(Problem)
Find the line below with "Charming exterior view" and the line with "Interior of the". Output them and the lines between, exactly, but not the pictures.
[[ Information given open ]]
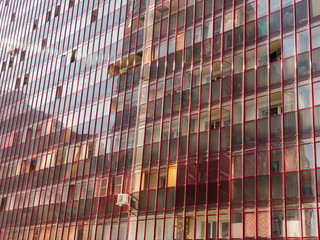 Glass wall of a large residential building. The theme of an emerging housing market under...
[[ Information given closed ]]
[[ Information given open ]]
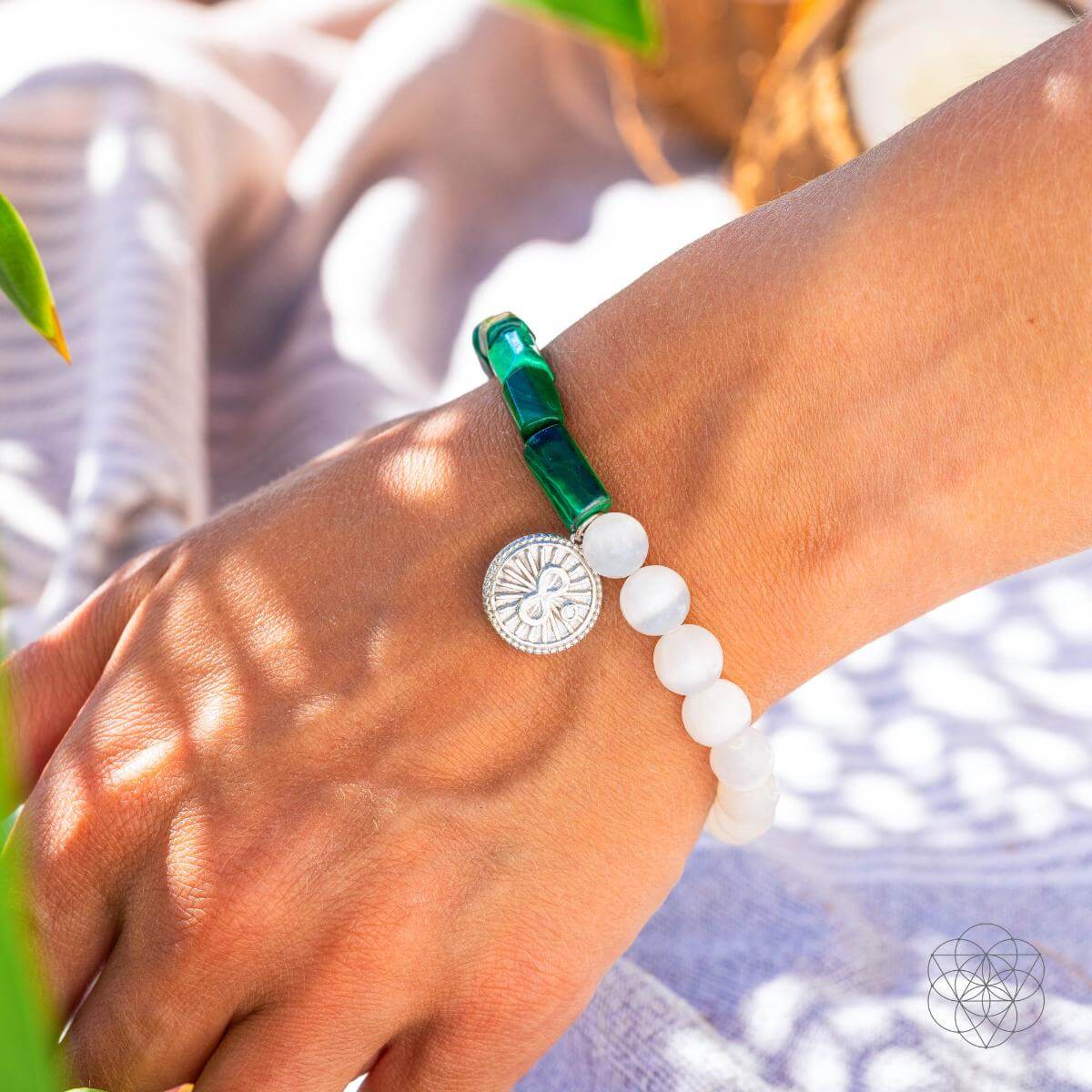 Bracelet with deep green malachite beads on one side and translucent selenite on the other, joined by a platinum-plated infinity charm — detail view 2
[[ Information given closed ]]
[[ Information given open ]]
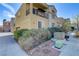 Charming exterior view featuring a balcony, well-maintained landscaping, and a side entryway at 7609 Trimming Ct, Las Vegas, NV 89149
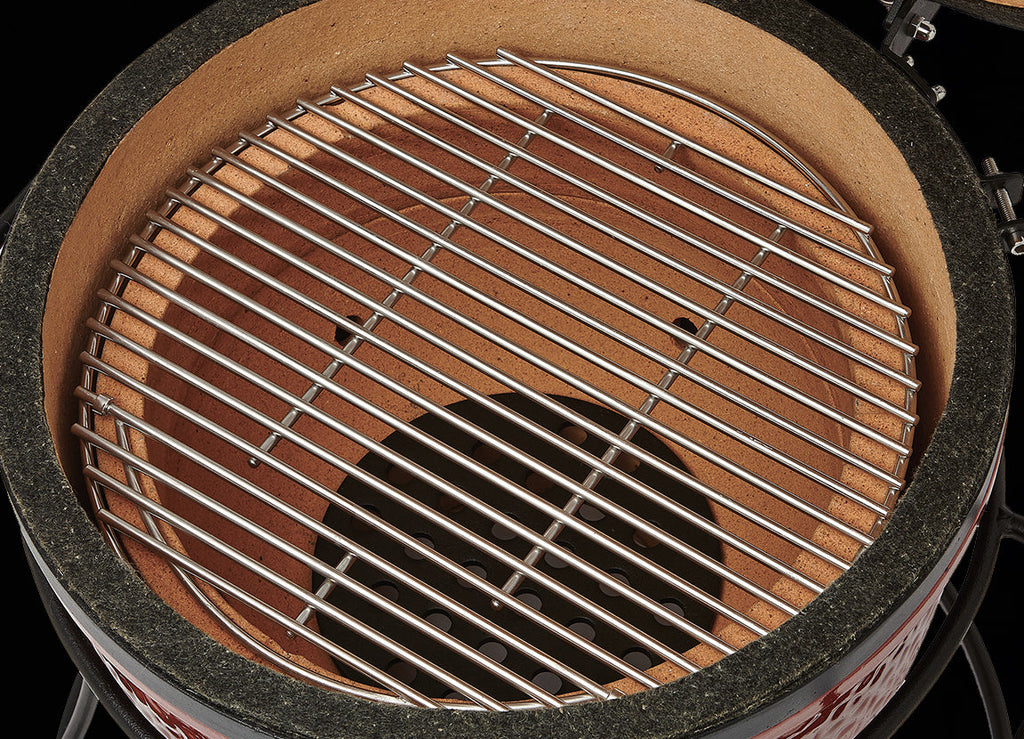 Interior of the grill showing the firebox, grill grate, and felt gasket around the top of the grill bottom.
[[ Information given closed ]]
(Task answer)
 Charming exterior view featuring a balcony, well-maintained landscaping, and a side entryway at 7609 Trimming Ct, Las Vegas, NV 89149
 Interior of the grill showing the firebox, grill grate, and felt gasket around the top of the grill bottom.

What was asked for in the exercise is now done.